*** Opening Supplied information ***
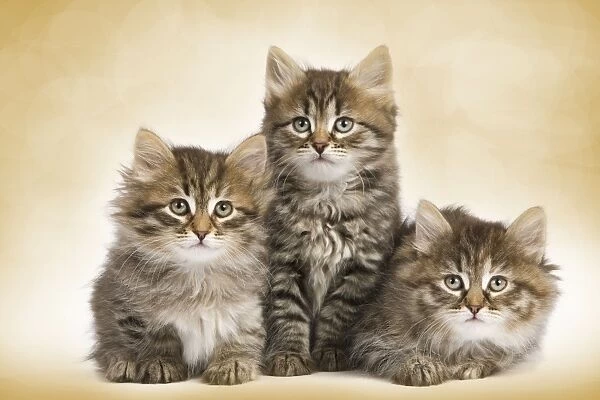 Cats - Siberian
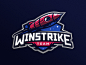 Winstrike team logo stellar rocket space hiwow gaming illustration design esports dlanid sport logotype identity mascot sports logo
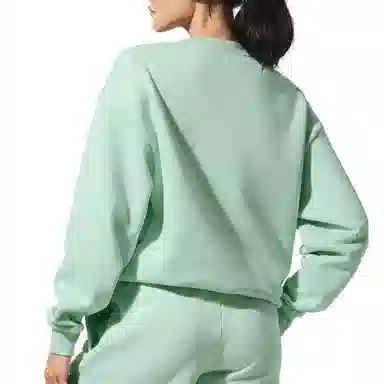 Alo Yoga Accolade Crew Neck Pullover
*** Closing Supplied information ***
Once the images are dropped, set down the remaining material word for word.

Solution to this problem:
 Cats - Siberian
 Winstrike team logo stellar rocket space hiwow gaming illustration design esports dlanid sport logotype identity mascot sports logo
 Alo Yoga Accolade Crew Neck Pullover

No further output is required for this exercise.